**ABOUT THIS EXERCISE:** Could you set down only the lines from the one including "明-邵弥绘画作品欣赏 - 李梨 - 李梨" to the end of the records below, inclusive and exact, leaving pictures out?

**RECORD EXTRACTS:**
'''

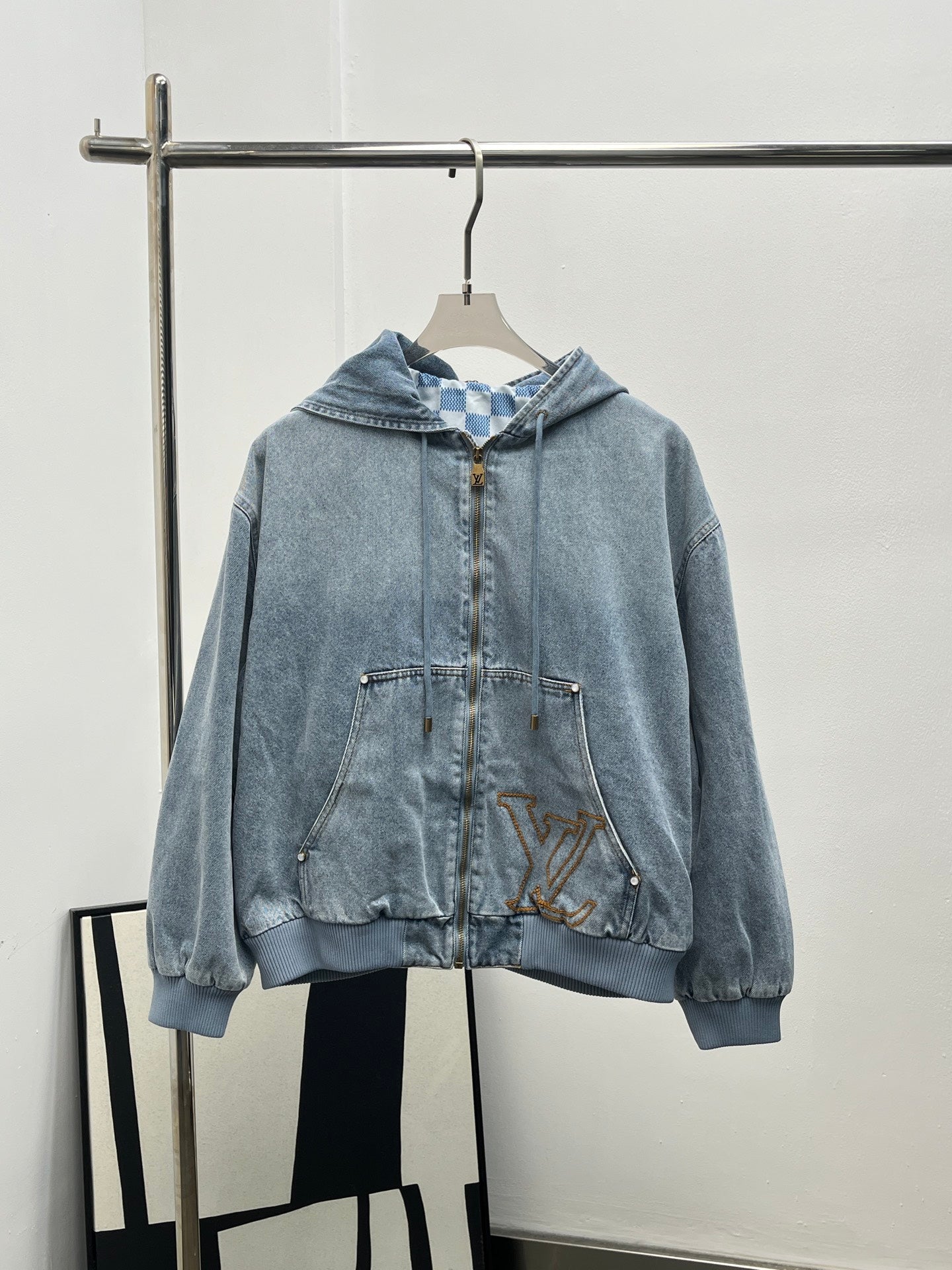 LOUIS VUITTON LV 25S DENIM SET 0156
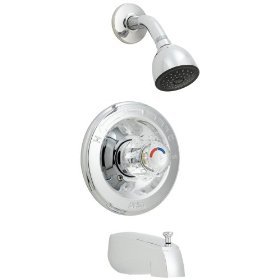 Delta 1348 Chrome T/S Faucet. Lists $153.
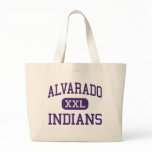 Alvarado - Indians - Junior - Alvarado Texas Canvas Bag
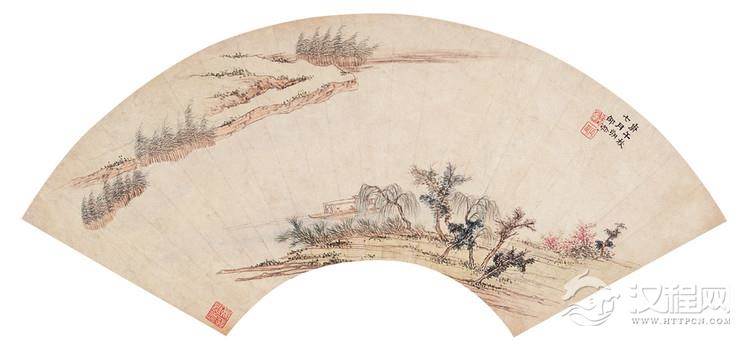 明-邵弥绘画作品欣赏 - 李梨 - 李梨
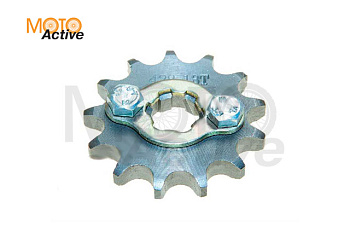 Звезда ведущая 420*13 Т (стопорная шайба болты) вал 17мм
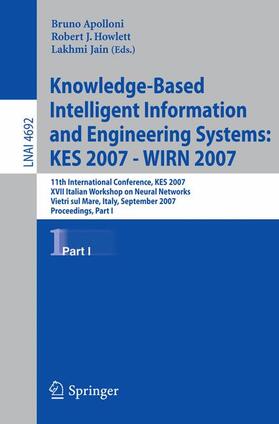 Apolloni |  Knowledge-Based Intelligent Information and Engineering Systems | Buch |  Sack Fachmedien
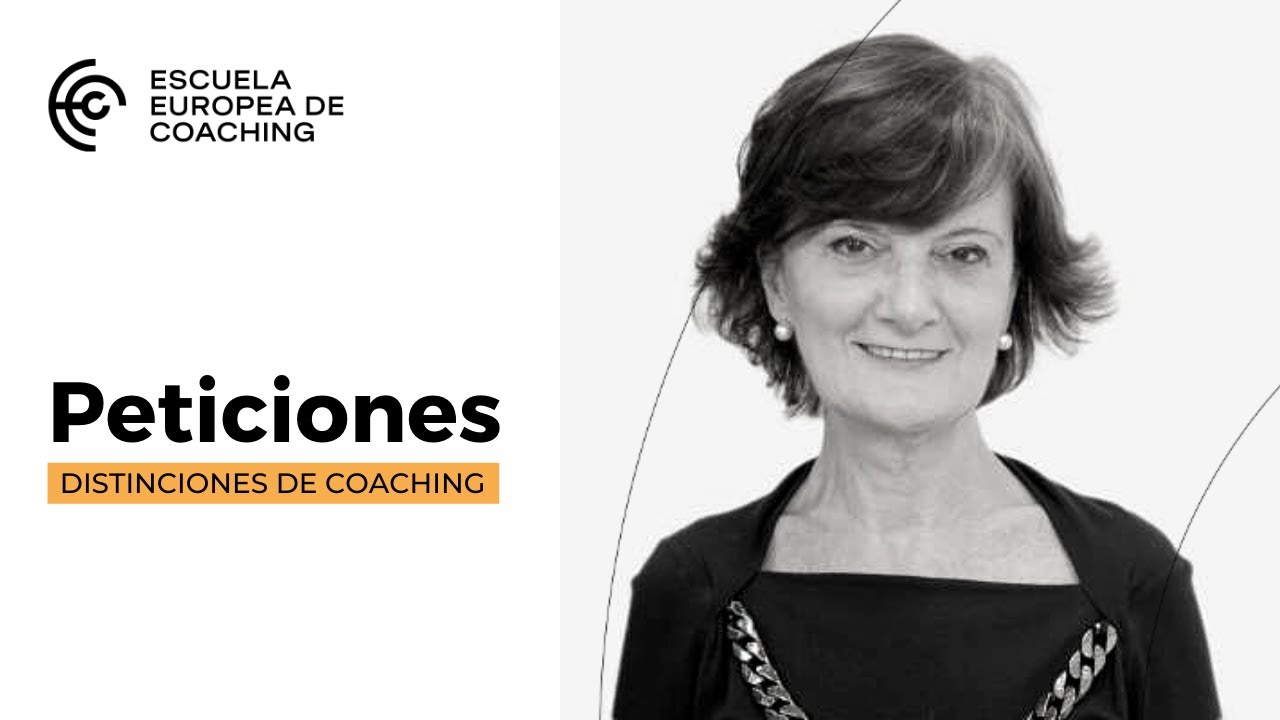 Distinciones de Coaching - Peticiones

'''

**OUTPUT OF THE TASK:**
 明-邵弥绘画作品欣赏 - 李梨 - 李梨
 Звезда ведущая 420*13 Т (стопорная шайба болты) вал 17мм
 Apolloni |  Knowledge-Based Intelligent Information and Engineering Systems | Buch |  Sack Fachmedien
 Distinciones de Coaching - Peticiones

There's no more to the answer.